**Task to carry out**
Write out again the lines from the line with "A cheerful young" up to and including the line with "81086 Barrel Cactus", exactly as they stand below, and skip any picture.

====== Source data ======

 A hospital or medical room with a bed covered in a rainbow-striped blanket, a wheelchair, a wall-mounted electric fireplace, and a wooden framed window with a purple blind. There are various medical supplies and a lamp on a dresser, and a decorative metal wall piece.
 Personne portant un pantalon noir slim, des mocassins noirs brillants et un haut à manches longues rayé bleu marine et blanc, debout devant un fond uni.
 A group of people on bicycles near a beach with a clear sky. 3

======
====== Source data ======

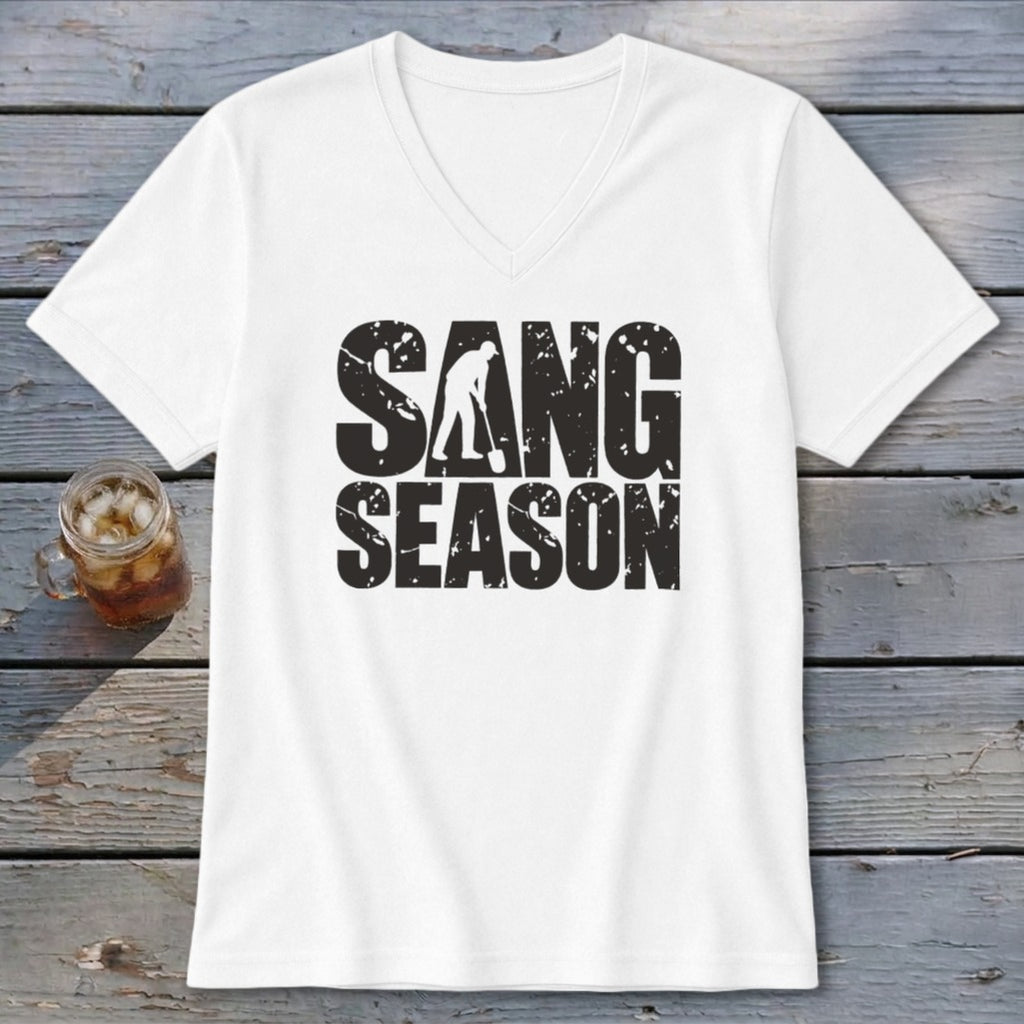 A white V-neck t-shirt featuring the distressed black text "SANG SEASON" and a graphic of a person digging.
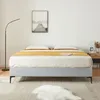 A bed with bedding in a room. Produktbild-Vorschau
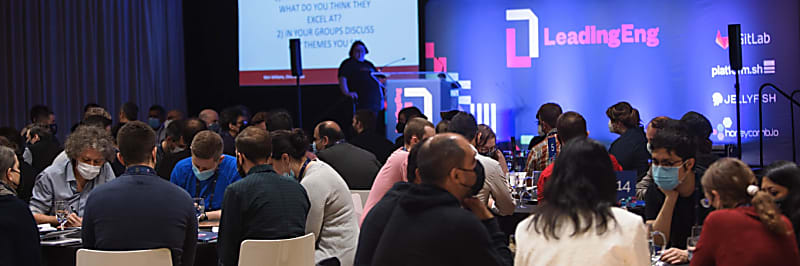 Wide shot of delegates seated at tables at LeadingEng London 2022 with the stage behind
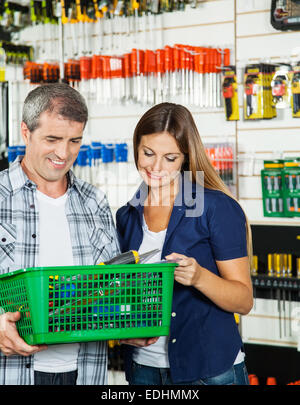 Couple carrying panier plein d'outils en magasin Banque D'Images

======
====== Source data ======

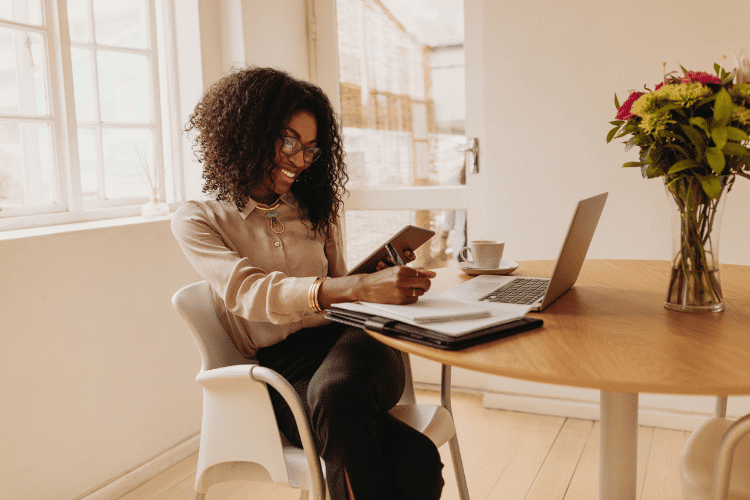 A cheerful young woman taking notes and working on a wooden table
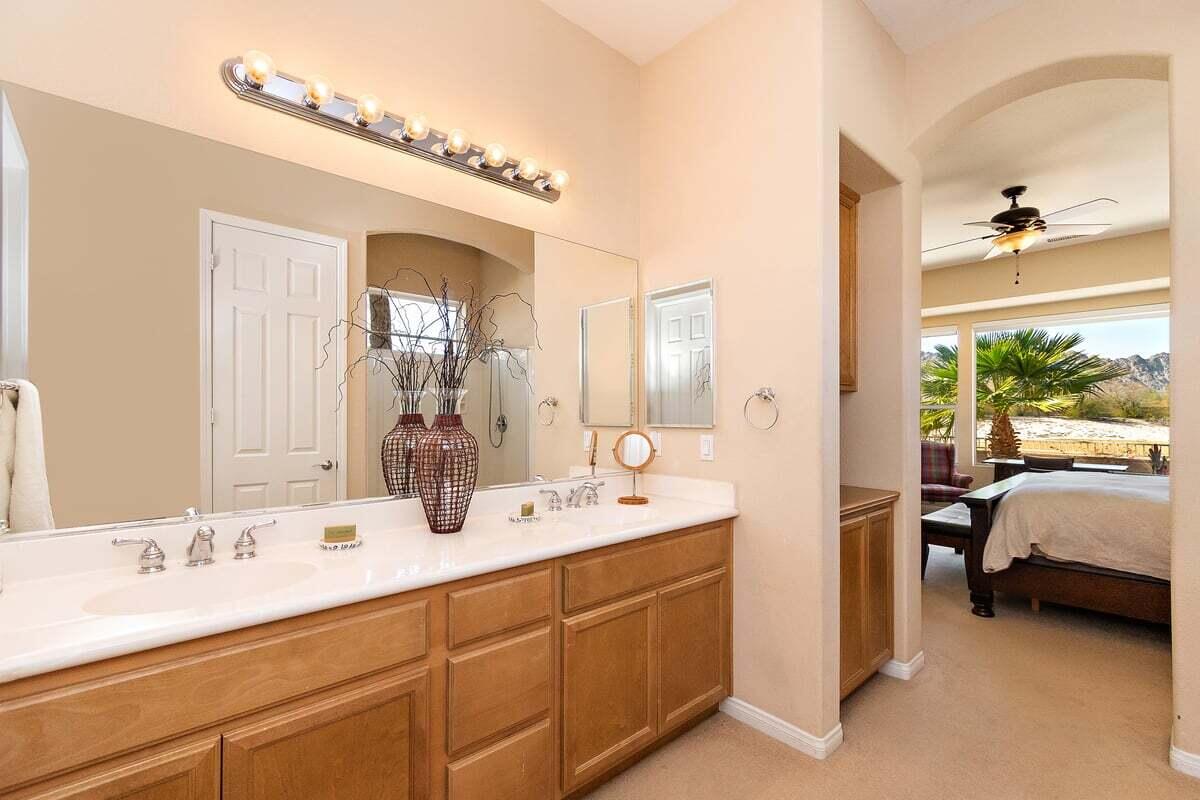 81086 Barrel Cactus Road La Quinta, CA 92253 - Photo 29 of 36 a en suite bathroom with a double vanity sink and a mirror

======

**Written solution**
 A cheerful young woman taking notes and working on a wooden table
 81086 Barrel Cactus Road La Quinta, CA 92253 - Photo 29 of 36 a en suite bathroom with a double vanity sink and a mirror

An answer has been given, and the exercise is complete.